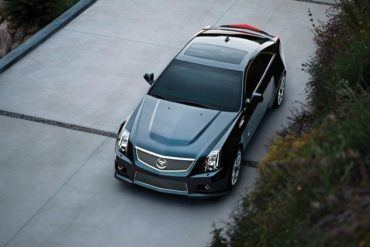 Cadillac CTS-V Coupe Front ViewAbove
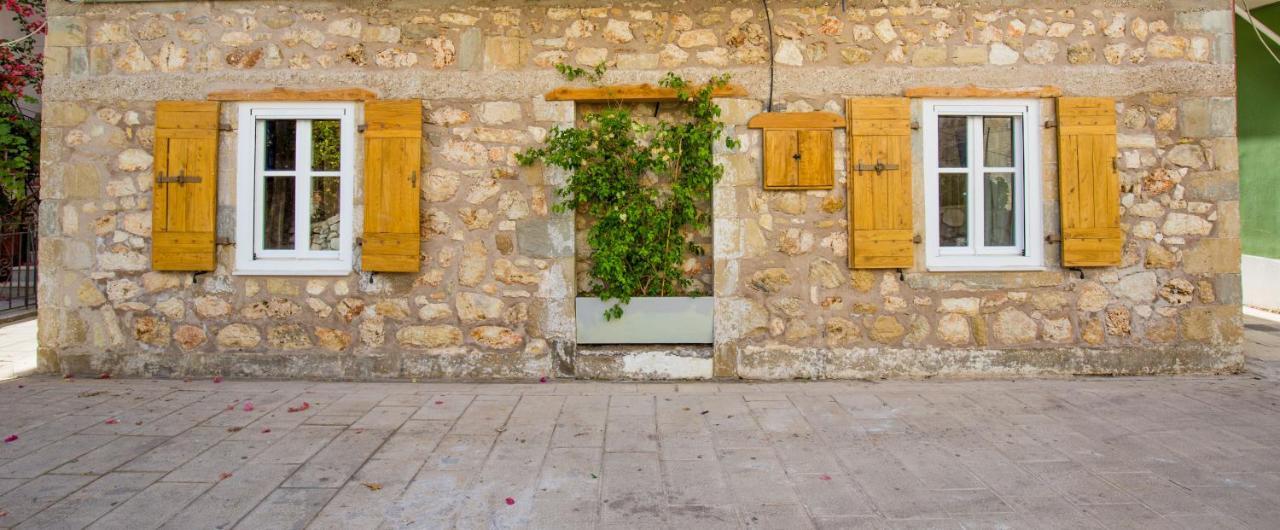 Stone Suites At Lefkada'S Old Port المظهر الخارجي الصورة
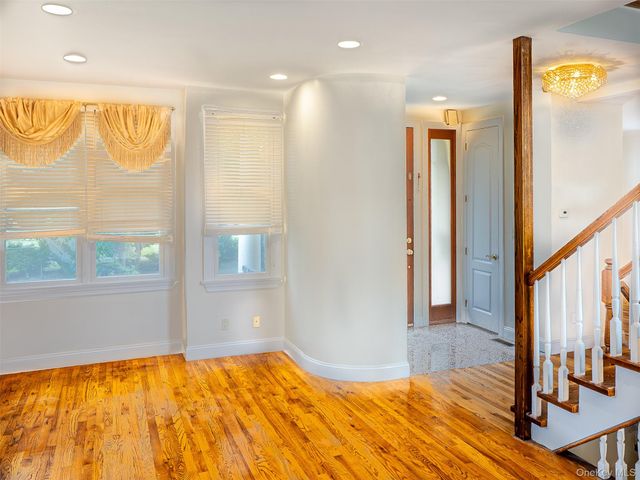 11 Willow Lane, Great Neck, NY 11023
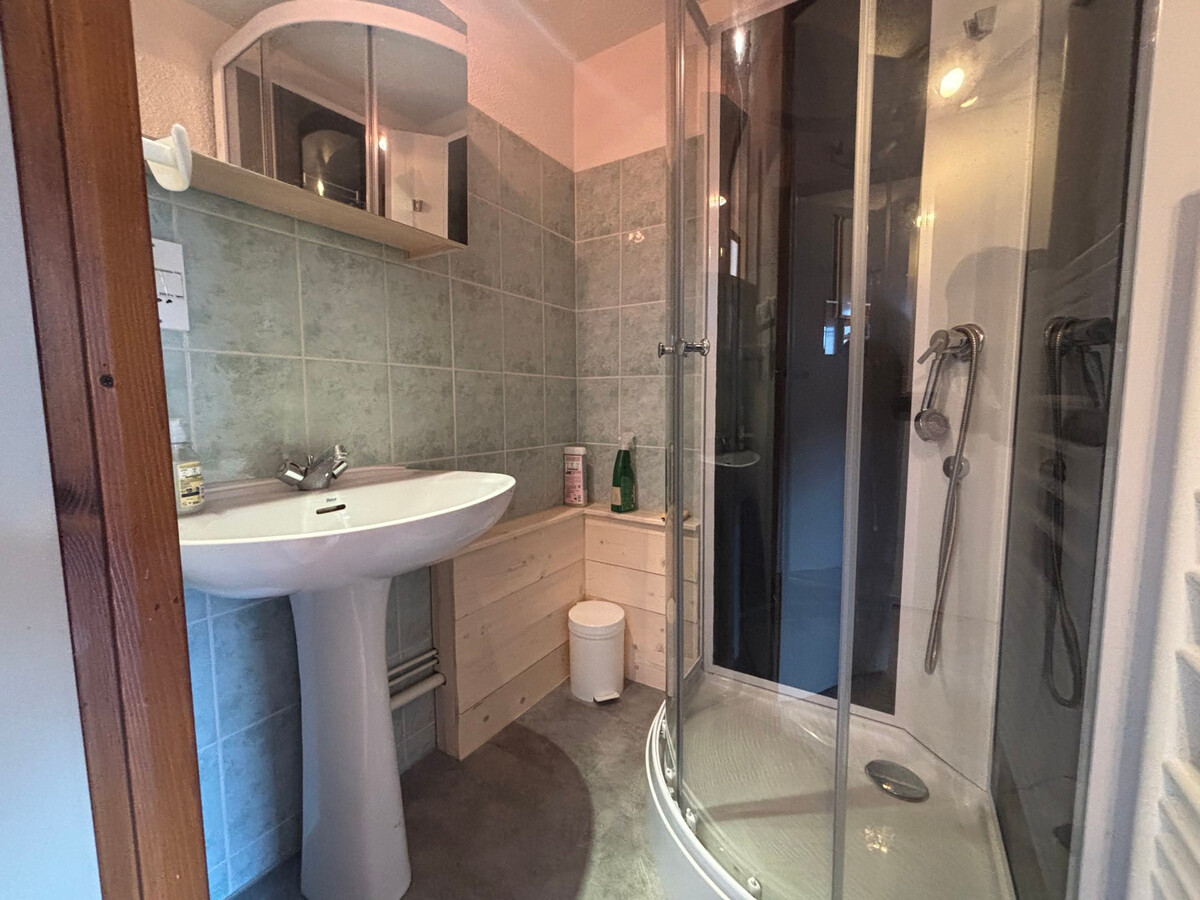 T2 mezzanine au cœur de Samoëns, animaux acceptés - Photo 11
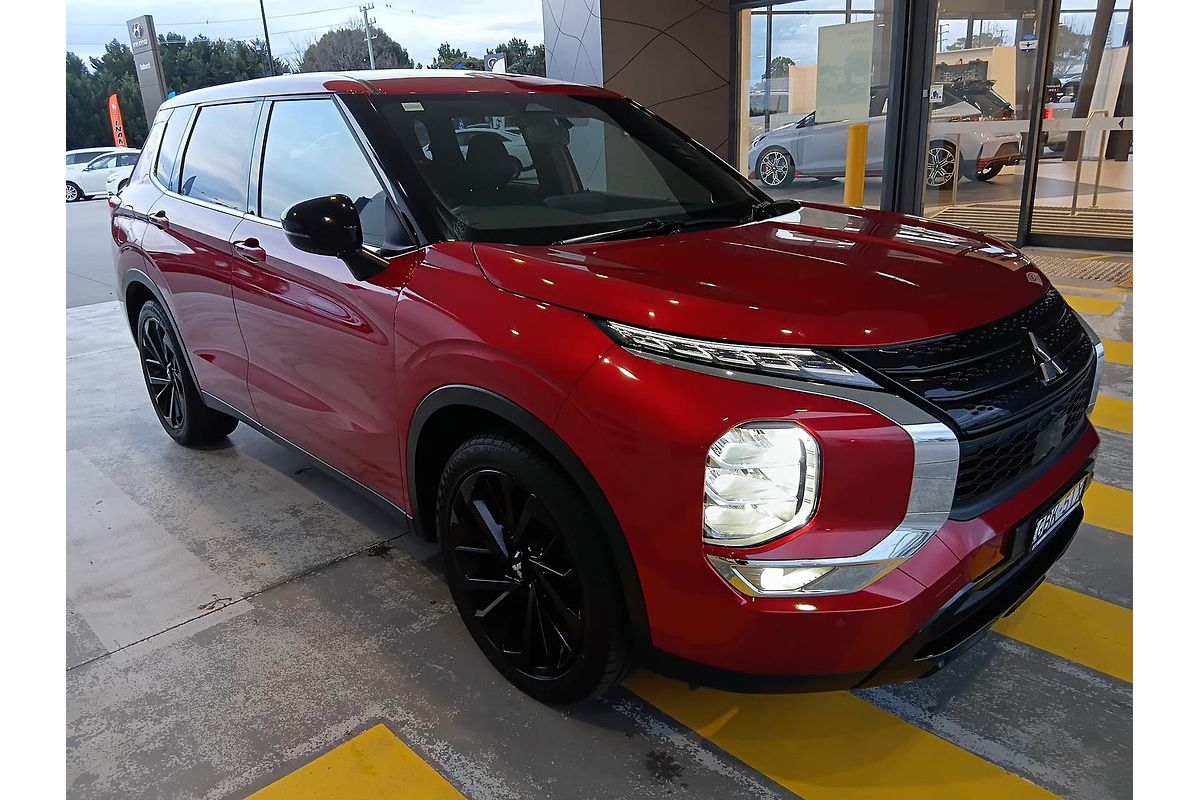 2024 Mitsubishi Outlander Black Edition ZM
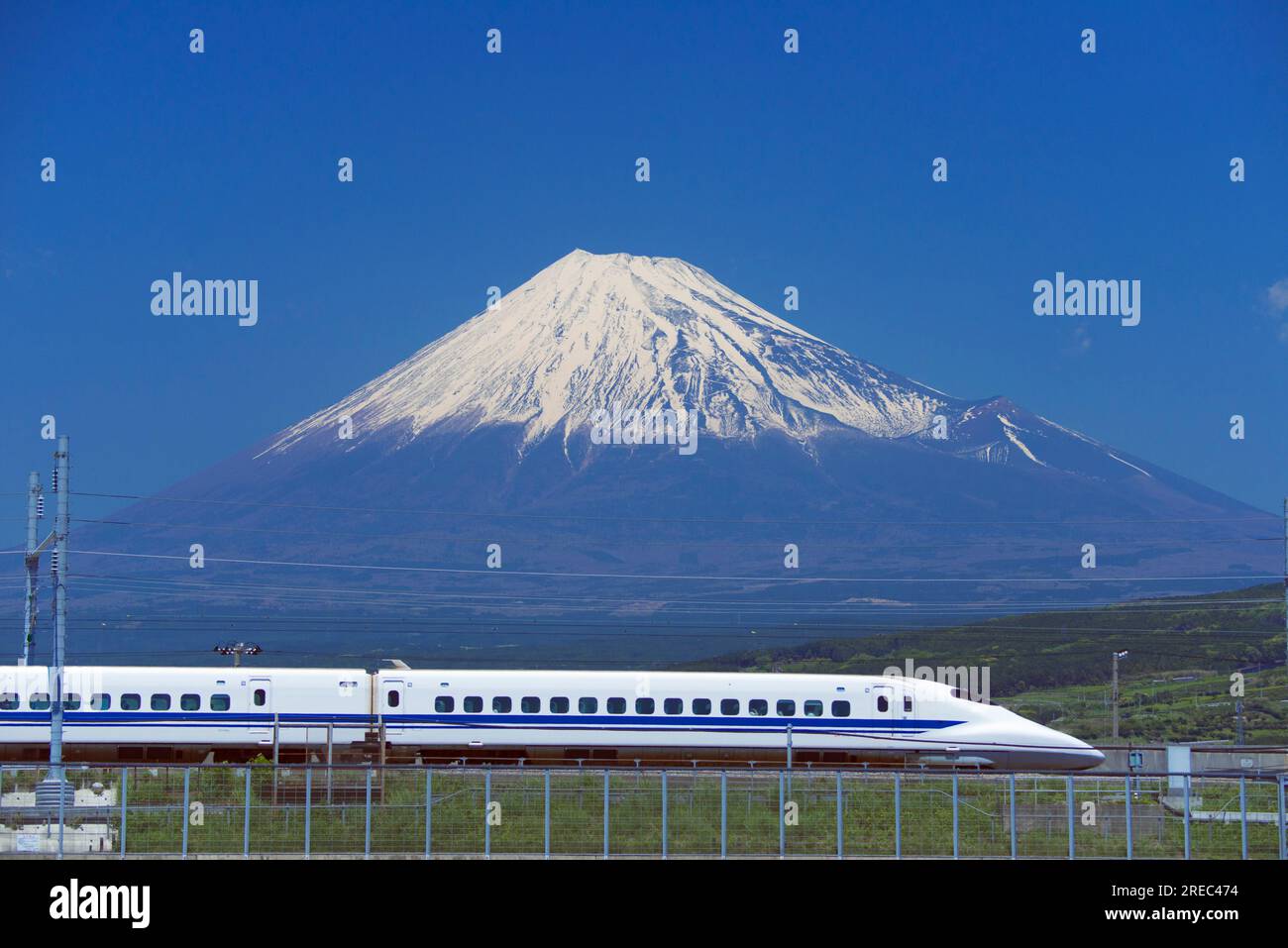 Shinkansen bullet train Stock Photo - Alamy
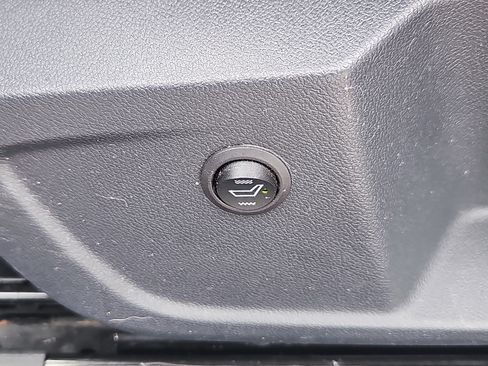 Certified 2022 Volkswagen Jetta S FWD image 12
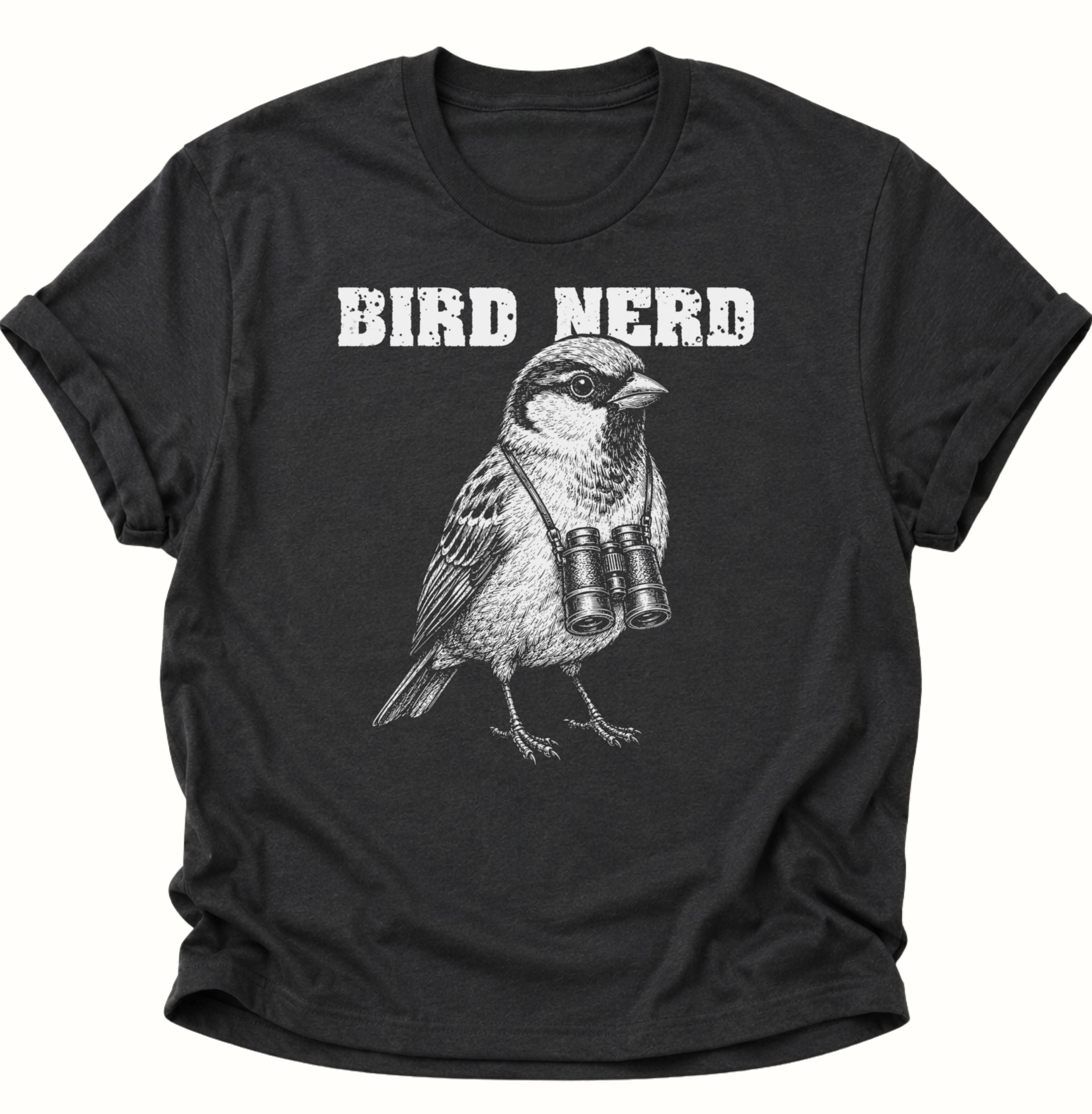 Schwarzes Unisex T-Shirt mit detailreicher Vogelillustration, Fernglas und „BIRD NERD“ von Pine & River.

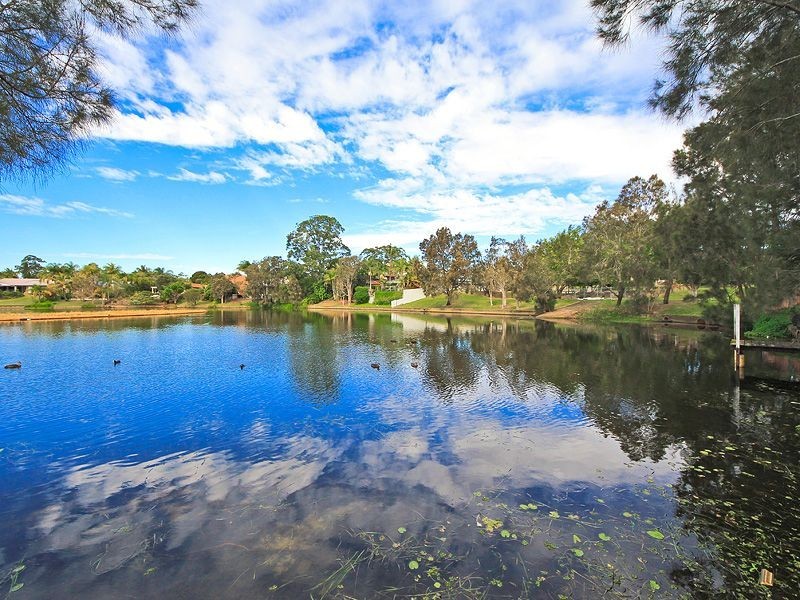 33 Pinnacle Court, Robina QLD 4226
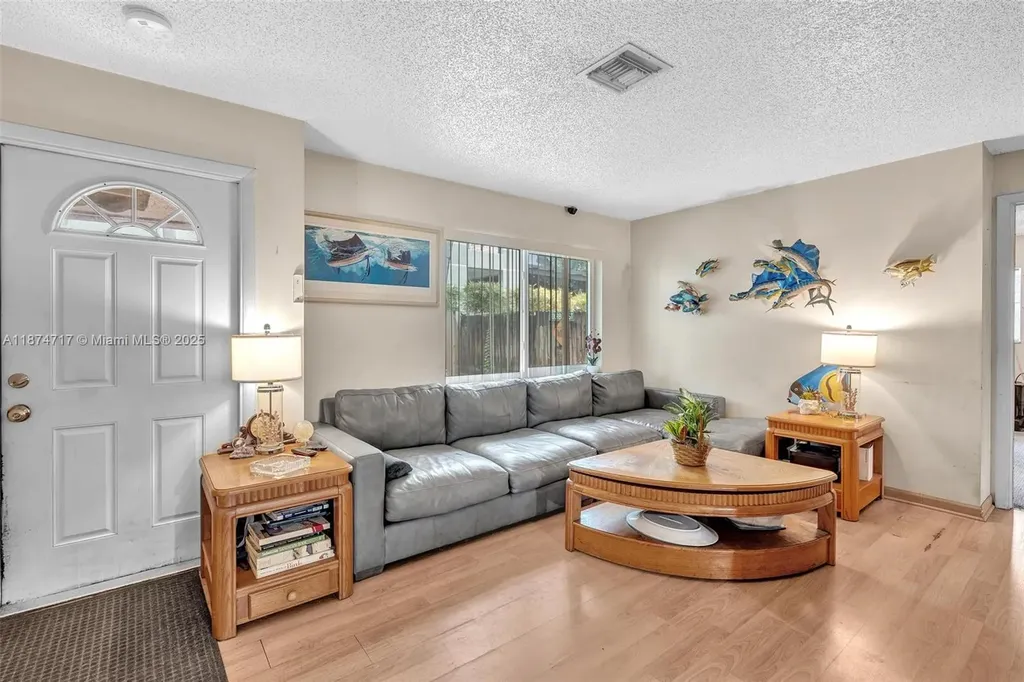 312 SW 9th Street Fort Lauderdale FL 33315
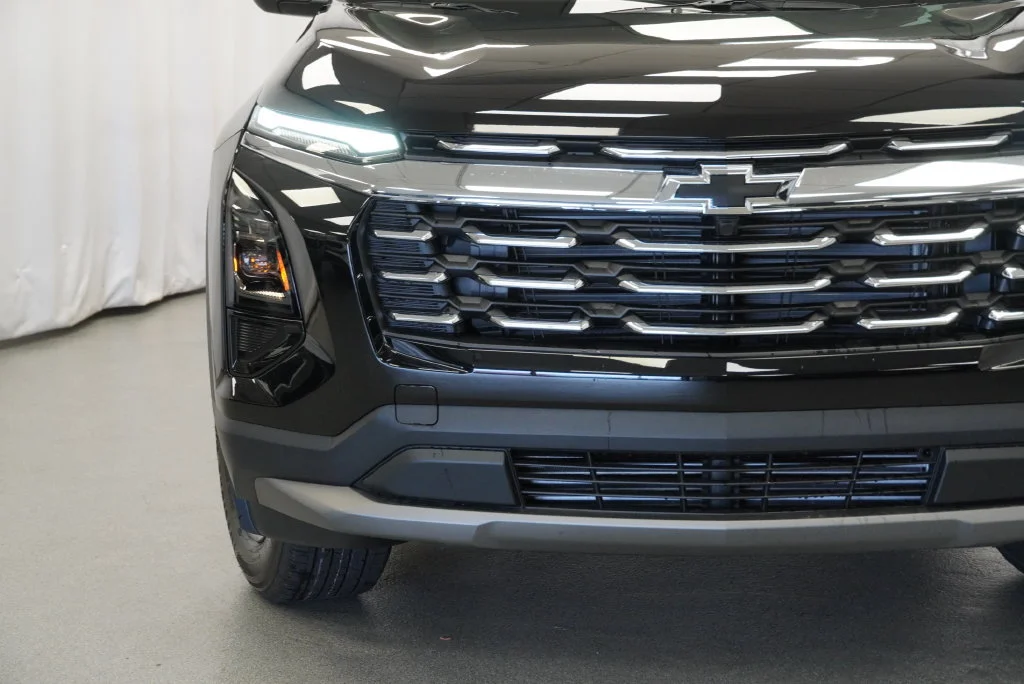 New 2027 Mosaic Black Metallic Chevrolet LT image 33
=-=-=-=-=
### Work to be completed
The lines needed run from the first line of the records through the line containing "2024 Mitsubishi Outlander Black Edition ZM", both included. Restate them word for word, without pictures.

### Answer below
 Cadillac CTS-V Coupe Front ViewAbove
 Stone Suites At Lefkada'S Old Port المظهر الخارجي الصورة
 11 Willow Lane, Great Neck, NY 11023
 T2 mezzanine au cœur de Samoëns, animaux acceptés - Photo 11
 2024 Mitsubishi Outlander Black Edition ZM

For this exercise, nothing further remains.